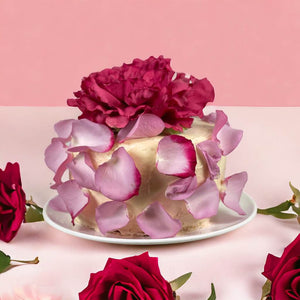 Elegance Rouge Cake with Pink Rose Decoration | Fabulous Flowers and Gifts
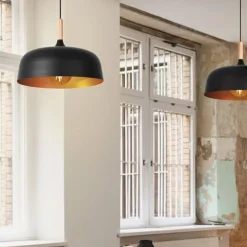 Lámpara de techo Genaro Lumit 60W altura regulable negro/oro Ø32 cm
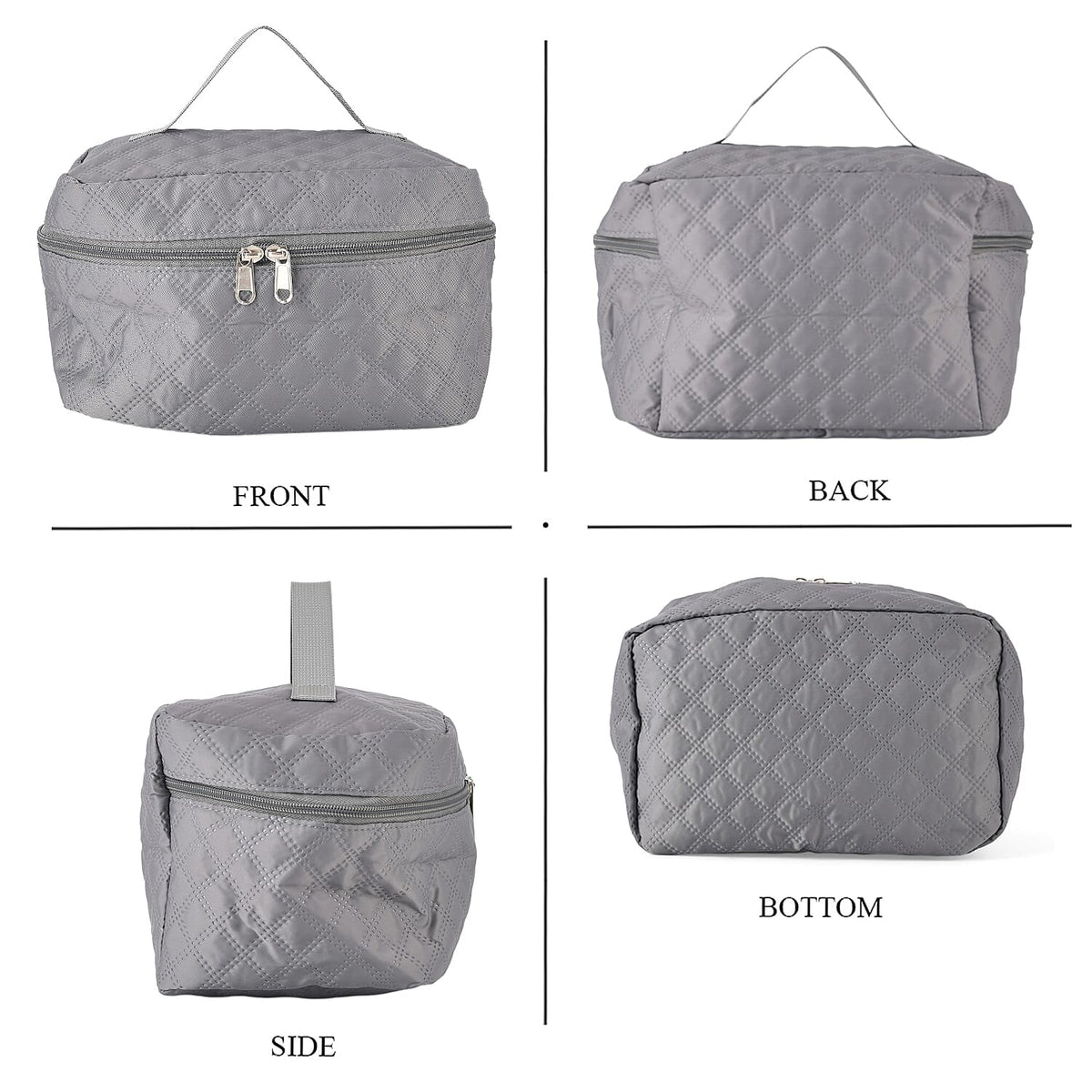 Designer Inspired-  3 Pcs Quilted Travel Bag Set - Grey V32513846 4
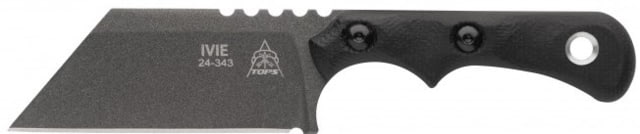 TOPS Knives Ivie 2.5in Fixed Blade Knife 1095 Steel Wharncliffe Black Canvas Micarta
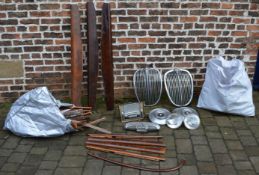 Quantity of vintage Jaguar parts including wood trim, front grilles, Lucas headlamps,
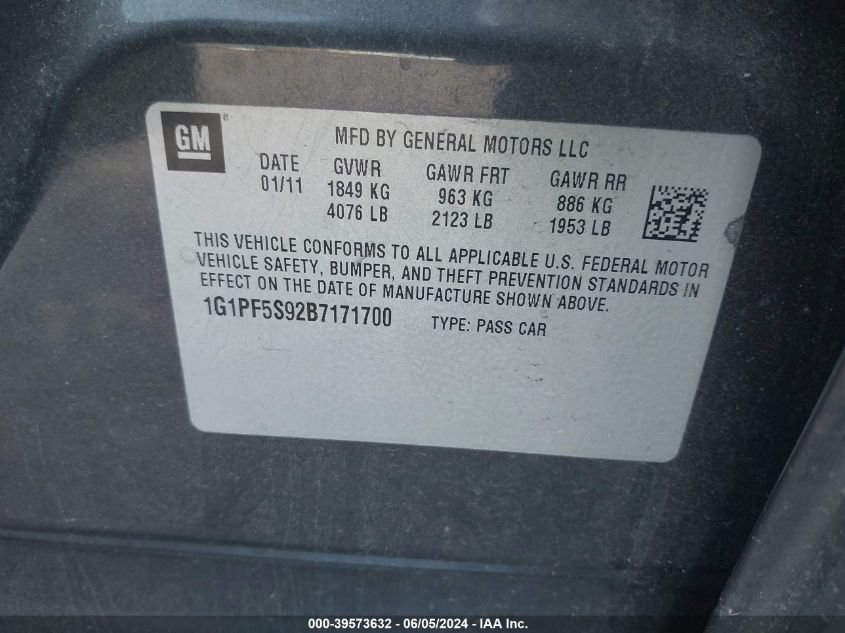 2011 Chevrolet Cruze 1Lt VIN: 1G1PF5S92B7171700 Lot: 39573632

------

> What to work on: With the pictures excluded, the line containing "Quantity of vintage" and every line after it through the end of the data above are to be transcribed exactly, and nothing more.

> Answer area:
 Quantity of vintage Jaguar parts including wood trim, front grilles, Lucas headlamps,
 2011 Chevrolet Cruze 1Lt VIN: 1G1PF5S92B7171700 Lot: 39573632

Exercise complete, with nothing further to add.